Larsson sat an his desk and crossed his hands over his stomach. “Have you been up in this part of the world before?” he asked.
“Never. Uppsala once, when I was a child, but that’s as far north as I’ve been before.”
“Uppsala is southern Sweden. Here in Östersund you still have half of Sweden to go as you travel north. It used to be a very long way from here to Stockholm. Not anymore. Flights can take you wherever you like in Sweden in just a few hours. In the space of a few decades Sweden has turned from a big country into a little one.”
Lindman pointed to the large wall map.
“How big is your police district?”
“Big enough and more besides.”
“How many police officers are there in Härjedalen?”
Larsson thought for a moment. “Five, maybe six in Sveg, a couple in Hede. And there a few more here and there — in Funäsdalen, for instance. Possibly fifteen in all, depending on how many are on duty at a given time.”
They were interrupted by a knock on the door. It opened before Larsson could react. The man in the doorway was the polar opposite of Larsson, short and very thin.
“I thought Nisse should sit in on this,” Larsson said. “We are the ones in charge of the investigation.”
Lindman stood up to shake hands. The man who’d joined them was reserved and serious. He spoke very softly and Lindman had difficulty gathering that his surname was Rundström. Larsson seemed to be affected by his presence. He sat up straighter in his chair, and his smile disappeared. The mood had changed.
“We thought we ought to have a little talk,” Larsson said, cautiously. “About this and that.”
Rundström had not sat down, although there was a spare chair. He leaned against the door frame and avoided looking Lindman in the eye.
“We received a call this morning,” he said. “From a man who reported that a police officer from Borås was conducting an investigation in the region of Linsell.

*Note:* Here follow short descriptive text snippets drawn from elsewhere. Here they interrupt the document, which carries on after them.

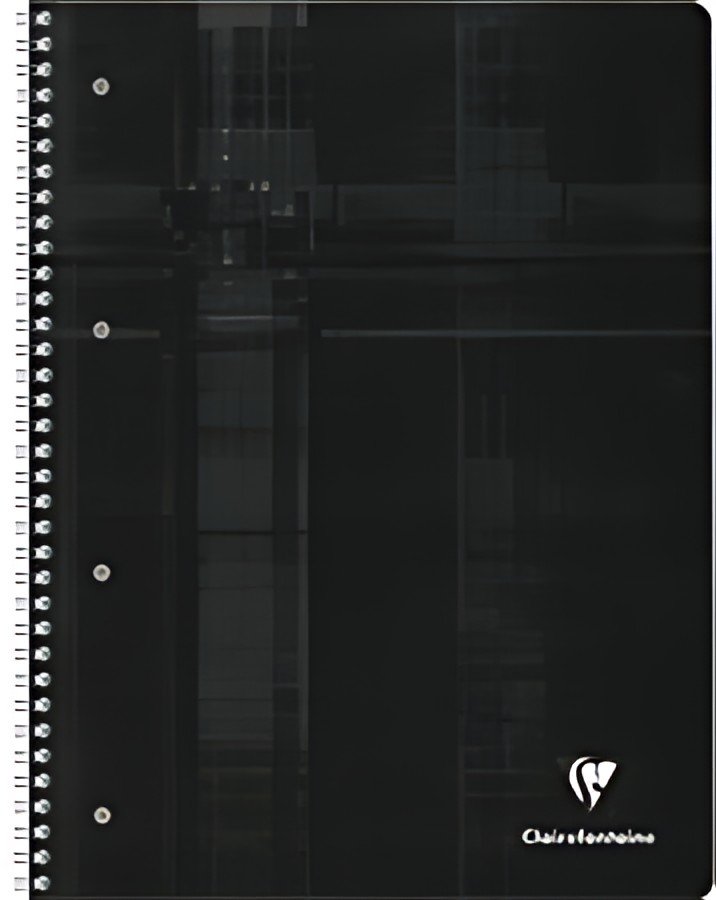 Clairefontaine Cahier spiralé, A4, quadrillé avec marge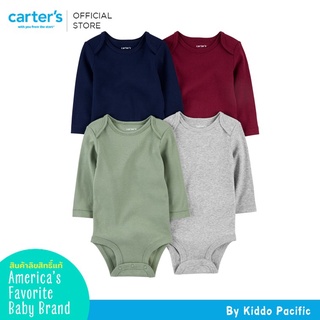 Carters  Bodysuit Set 4Pk Multi Solids L9 คาร์เตอร์เสื้อผ้าชุดบอดี้สูทเซทแพ็ค 4 ชิ้น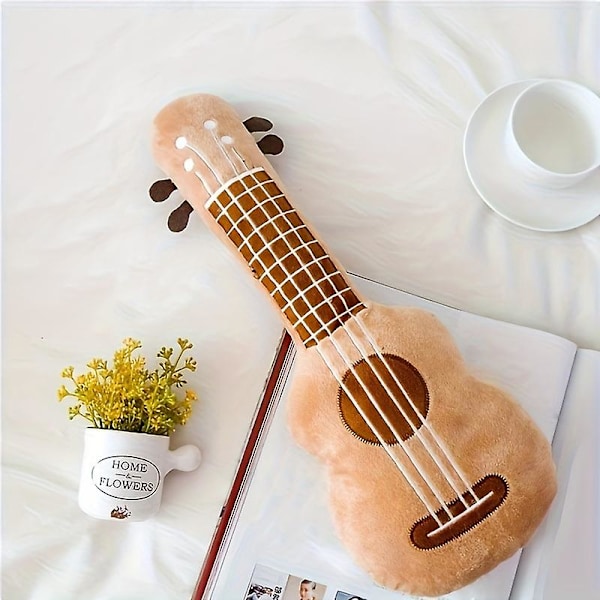 Blommor Katter Gitarrer Form Trasdockor Kuddar Barnleksaker Söta Flickor Presenter blue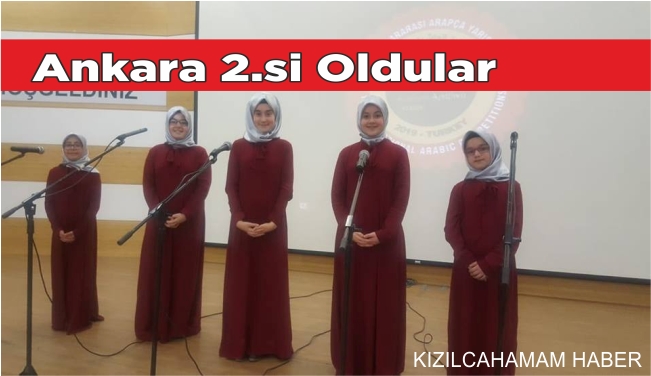 Arapça Çocuk Şarkısı Yarışmasında Ankara ikincisi oldular 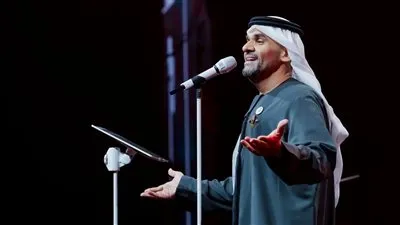 حسين الجسمي يبهج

He was a bit upset, and wondered if the local police had handed the investigation over to outsiders.” Before going on he paused to examine his hands. “He was quite upset,” Rundström repeated. “And it would be fair to say that we were upset as well.”
Lindman had broken out in a sweat. “I can think of two possibilities,” he said. “The man who phoned was either Abraham Andersson — he lives in a farmhouse called Dunkrret — or it was the owner of the shop in Linsell.”
“I expect it was Lundell,” Rundström said. “But we don’t like police officers from faraway places coming here and poking their noses into our investigations.”
Lindman saw red. “I’m not conducting my own investigation,” he said. “I’ve already spoken to Larsson. I told him I’d worked with Molin for quite a few years. I’m on vacation, and so I came here. It doesn’t seem all that strange that I would have visited the scene of the murder.”
“It creates confusion,” Rundström said, in his soft, barely audible voice.